With a jury nearly seated, a mistrial was abruptly declared by Judge James Shaner after one prospective juror challenged town prosecutor Mike Green’s assertion that the police report about the incident in question contained an account of an assault during a bar fight.
River guide Tom Wolfe is accused of punching landowner Bruce Lightenburger Jan. 17 at the Hollywood Bar following a heated verbal exchange. Wolfe has denied the charge and, in fact, asserts Lightenburger was the instigator of the incident.
Wolfe was charged with disorderly conduct on Jan. 22.
The two reportedly have an ongoing dispute over river access along a stretch of the Dolores River that runs through Lightenburger’s property. Wolfe, who owned a rafting company in Dolores with his wife, Janneli Miller, had complained about Lightenburger stringing barbed wire across the river, while Lightenburger had accused Wolfe of trespassing.
[Disclosure: Janneli Miller is a freelance contributor to the Free Press.]
The bad blood between the two men apparently boiled over when they encountered one another at the Hollywood. What exactly happened during this encounter will be the subject of the trial, with both sides planning to call witnesses and introduce statements of the principals.

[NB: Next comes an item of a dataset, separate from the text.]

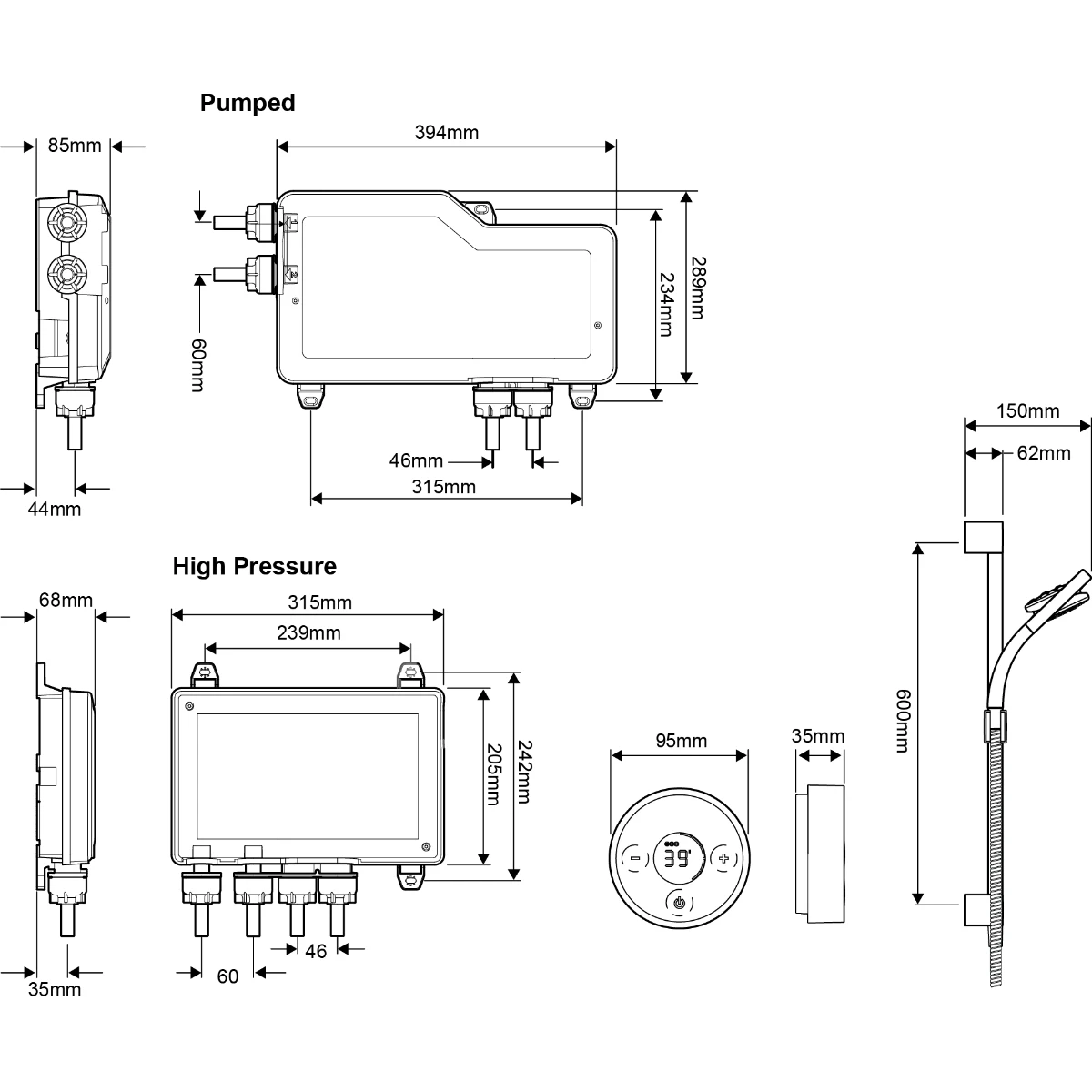 Mira Platinum Rear Fed Digital Shower Mixer High Pressure Chrome And Black 1.1666.200 5 Mira Platinum Rear Fed Digital Shower Mixer High Pressure Chrome And Black 1.1666.200 - Image 5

On April 22, however, most of the morning session in the packed courtroom in Dolores’s Town Hall was taken up trying to empanel jurors, a number of whom had to be dismissed because they were acquainted with one or another of the parties involved.
The judge had just finished his questioning of the jury pool and had given Green the chance to question the 12 prospects remaining.

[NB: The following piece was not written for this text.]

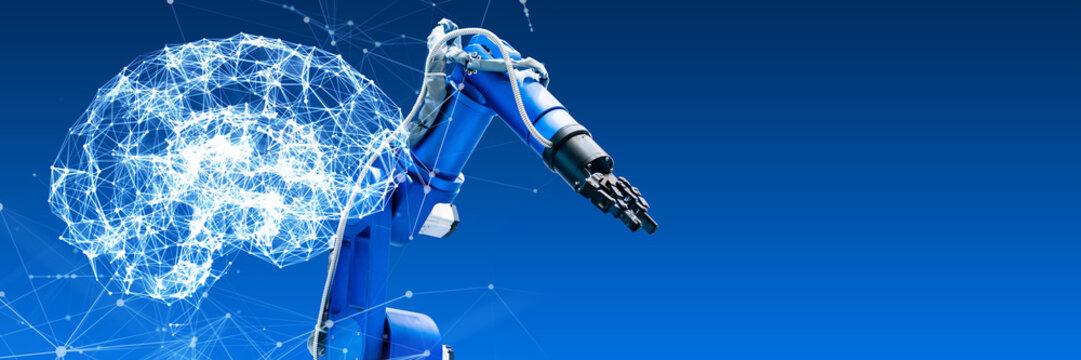 産業ロボットとAIネットワーク。工場、製造業、DX、フィジカルAI、FA、スマートファクトリー、通信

Green prefaced his questioning by saying he wanted to first find out if any of the potential jurors might be influenced by the atmosphere in which the alleged conflict occurred. He observed that some people have an attitude that bar fights are pretty much par for the course, that “ . . . someone hits someone, then gets charged with assault.”

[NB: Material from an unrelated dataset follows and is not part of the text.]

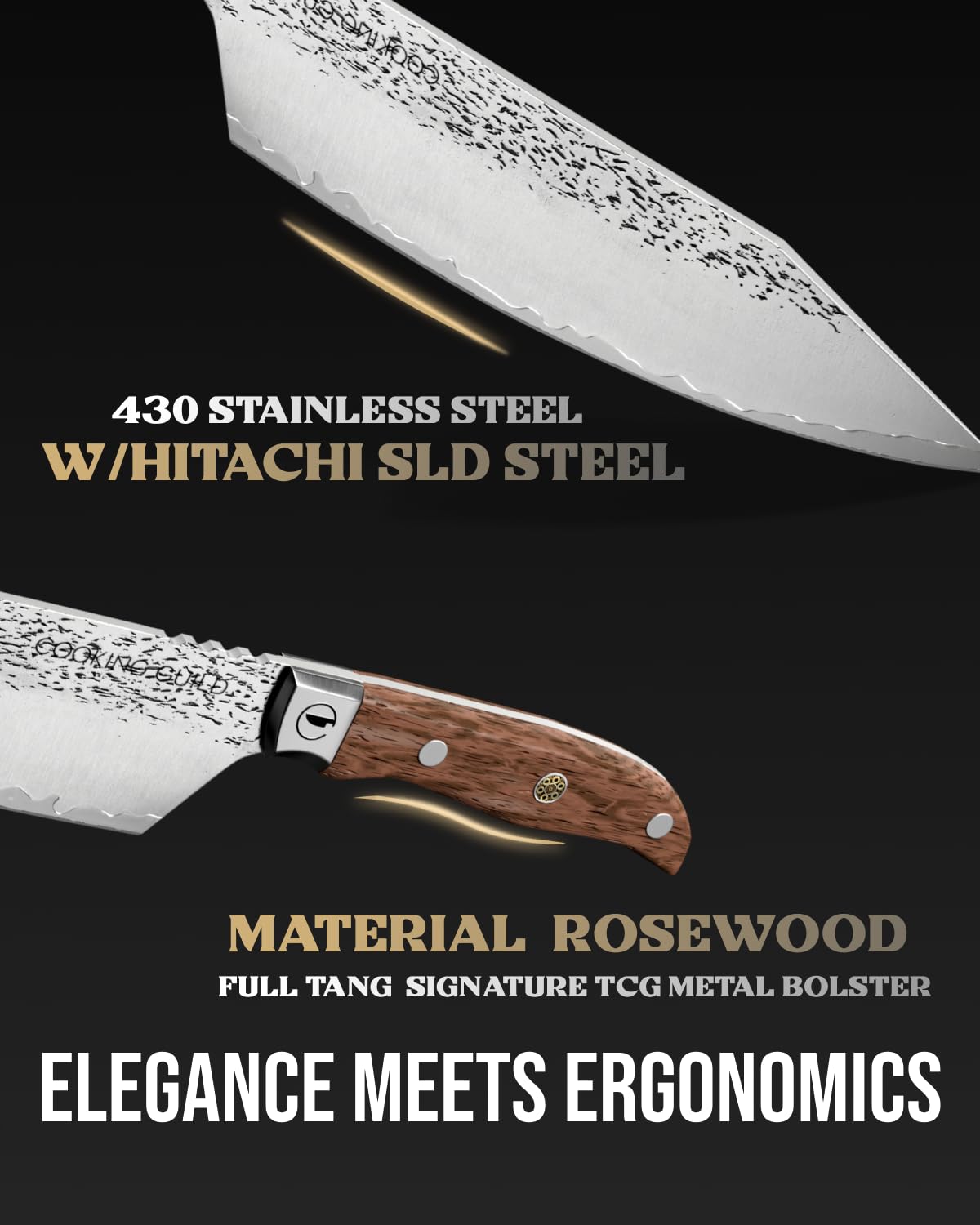 The Cooking Guild Chef Knife - 8 Inches - Grizzly Series - High Carbon Stainless Steel Chefs Knives - Rosewood Handle - Razor Sharp Chef's Knife Designed to Last a Lifetime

“Is anyone (on the jury) thinking, ‘That’s just what happens in bars?’ ” Green asked.
It was then that a juror candidate arose and stated that he’d just finished reading the investigating deputy’s report of the incident, and saw nowhere in it any allegation of an assault being made.
“I’ve got here a copy of the police report – there’s no mention of anyone hitting anyone,” he said.
At this point, the judge, prosecution and defense conferred privately, then returned to announce the mistrial.
The report by Montezuma County Sheriff’s Deputy James Utley – a public document – was reportedly given to the juror by a Cortez Journal reporter during the frequent pauses in the proceedings.
Utley’s initial report of Jan. 17 detailed his contacts with witnesses and other patrons of the tavern at the time of the incident, but concluded that at that time he found no cause to bring charges against anyone.
“Due to no witness of the altercation observing either Lightenburger or Wolfe strike the other, no charges will be filed in this case,” he wrote. However, he noted that he had not yet been able to contact a friend of Lightenburger’s who had playing pool with him in the bar at the time of the incident.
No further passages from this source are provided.